Dados semanais de reguladores dos EUA mostraram que os investidores reduziram suas posições compradas em euros para o nível mais baixo em três meses durante a semana encerrada em 4 de junho, enquanto as apostas contra o iene japonês aumentaram para mais de US$ 10 bilhões, de acordo com dados da LSEG.
O Comitê Federal de Mercado Aberto (FOMC) tem reunião marcada para a próxima semana, a primeira sob a presidência de Kevin Warsh. Os mercados estão precificando atualmente uma probabilidade de aproximadamente 50% de aumento da taxa de juros até setembro, o que, segundo analistas, pode limitar a compra excessiva de dólares no curto prazo.
Estrategistas do Barclays afirmaram que fatores futuros, incluindo mudanças no apetite por risco, a possibilidade de um acordo entre EUA e Irã e a próxima reunião do Federal Reserve, podem limitar novos ganhos do dólar no curto prazo.
Desenvolvimentos no Oriente Médio
Em um novo desdobramento no Oriente Médio, Israel anunciou que realizou ataques contra alvos militares no oeste e centro do Irã na segunda-feira, apesar de relatos de que o presidente dos EUA, Donald Trump, teria instado o primeiro-ministro israelense, Benjamin Netanyahu, a se abster de lançar novos ataques.
Os acontecimentos fizeram com que os preços do petróleo subissem cerca de 5%, aumentando ainda mais as preocupações dos investidores que já enfrentavam uma forte queda nas ações de empresas de tecnologia com alto valor de mercado.
Nas últimas duas semanas, o dólar se beneficiou de seu status de porto seguro, além das expectativas de um aumento na diferença das taxas de juros entre os Estados Unidos e outras grandes economias, um fator que pressionou particularmente o iene japonês.
iene japonês
O iene perdeu os ganhos obtidos após a intervenção de Tóquio no mercado cambial com aproximadamente ¥11,7 trilhões, equivalentes a cerca de US$ 73 bilhões, há pouco mais de um mês, quando a moeda caiu para seu nível mais baixo desde julho de 2024, a ¥160,725 por dólar. A moeda japonesa era negociada perto de ¥160,19 na segunda-feira.

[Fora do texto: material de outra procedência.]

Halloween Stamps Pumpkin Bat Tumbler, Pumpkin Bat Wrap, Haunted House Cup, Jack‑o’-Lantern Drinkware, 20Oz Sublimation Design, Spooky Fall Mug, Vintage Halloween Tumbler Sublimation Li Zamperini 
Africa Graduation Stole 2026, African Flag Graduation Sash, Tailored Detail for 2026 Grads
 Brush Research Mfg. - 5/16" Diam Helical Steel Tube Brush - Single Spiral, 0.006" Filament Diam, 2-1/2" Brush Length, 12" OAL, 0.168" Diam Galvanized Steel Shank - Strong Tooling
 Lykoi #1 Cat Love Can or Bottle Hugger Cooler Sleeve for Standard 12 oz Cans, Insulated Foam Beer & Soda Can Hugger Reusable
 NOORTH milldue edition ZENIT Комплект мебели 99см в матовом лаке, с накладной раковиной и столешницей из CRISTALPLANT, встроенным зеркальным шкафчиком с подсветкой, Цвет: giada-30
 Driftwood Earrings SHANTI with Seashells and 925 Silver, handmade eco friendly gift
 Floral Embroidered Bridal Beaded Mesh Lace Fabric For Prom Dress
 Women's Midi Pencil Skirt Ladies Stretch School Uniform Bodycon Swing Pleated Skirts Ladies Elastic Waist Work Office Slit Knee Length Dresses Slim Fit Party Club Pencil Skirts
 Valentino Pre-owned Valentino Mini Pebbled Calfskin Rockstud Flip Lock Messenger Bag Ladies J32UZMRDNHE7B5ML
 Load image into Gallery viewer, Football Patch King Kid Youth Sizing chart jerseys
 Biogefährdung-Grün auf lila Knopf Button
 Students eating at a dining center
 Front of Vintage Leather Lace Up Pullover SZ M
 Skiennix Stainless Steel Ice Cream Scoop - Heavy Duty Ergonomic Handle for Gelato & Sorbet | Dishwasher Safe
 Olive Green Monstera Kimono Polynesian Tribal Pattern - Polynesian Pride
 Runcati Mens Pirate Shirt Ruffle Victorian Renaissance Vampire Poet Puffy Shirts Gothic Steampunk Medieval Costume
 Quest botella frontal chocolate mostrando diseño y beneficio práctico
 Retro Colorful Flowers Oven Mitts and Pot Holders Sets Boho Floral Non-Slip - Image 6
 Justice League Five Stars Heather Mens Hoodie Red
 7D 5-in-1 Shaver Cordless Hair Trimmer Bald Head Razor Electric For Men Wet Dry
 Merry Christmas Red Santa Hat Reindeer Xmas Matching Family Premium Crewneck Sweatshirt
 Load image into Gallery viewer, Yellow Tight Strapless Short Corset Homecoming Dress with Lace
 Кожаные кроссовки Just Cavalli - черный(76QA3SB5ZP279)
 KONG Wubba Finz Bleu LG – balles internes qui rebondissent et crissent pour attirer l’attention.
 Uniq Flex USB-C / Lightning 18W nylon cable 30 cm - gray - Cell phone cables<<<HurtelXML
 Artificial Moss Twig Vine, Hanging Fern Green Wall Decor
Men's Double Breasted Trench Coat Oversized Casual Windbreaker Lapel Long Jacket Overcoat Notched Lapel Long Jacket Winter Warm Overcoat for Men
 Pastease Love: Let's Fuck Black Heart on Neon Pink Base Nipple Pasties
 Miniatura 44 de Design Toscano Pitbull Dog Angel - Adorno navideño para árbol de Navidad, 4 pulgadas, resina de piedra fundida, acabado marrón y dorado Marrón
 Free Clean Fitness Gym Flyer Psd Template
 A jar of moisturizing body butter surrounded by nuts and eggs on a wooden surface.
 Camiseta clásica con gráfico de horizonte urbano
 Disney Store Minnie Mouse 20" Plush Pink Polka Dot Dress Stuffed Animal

Fontes da Reuters indicaram que o Banco do Japão deverá aumentar as taxas de juros este mês, a menos que uma escalada significativa no conflito do Oriente Médio cause graves perturbações no mercado, enquanto o aumento dos custos de combustível resultante do choque energético continua a elevar as pressões inflacionárias sobre a economia japonesa.
Sim Moh Siong, estrategista de mercado do OCBC, afirmou que isso deixa o iene em uma posição de espera, pois os mercados já precificaram quase que totalmente um aumento da taxa de juros.
Ele acrescentou que qualquer suporte adicional para o iene proveniente das expectativas de aumento das taxas de juros dependerá de o Banco do Japão sinalizar um ritmo mais acelerado do que o esperado para os futuros aumentos das taxas de juros.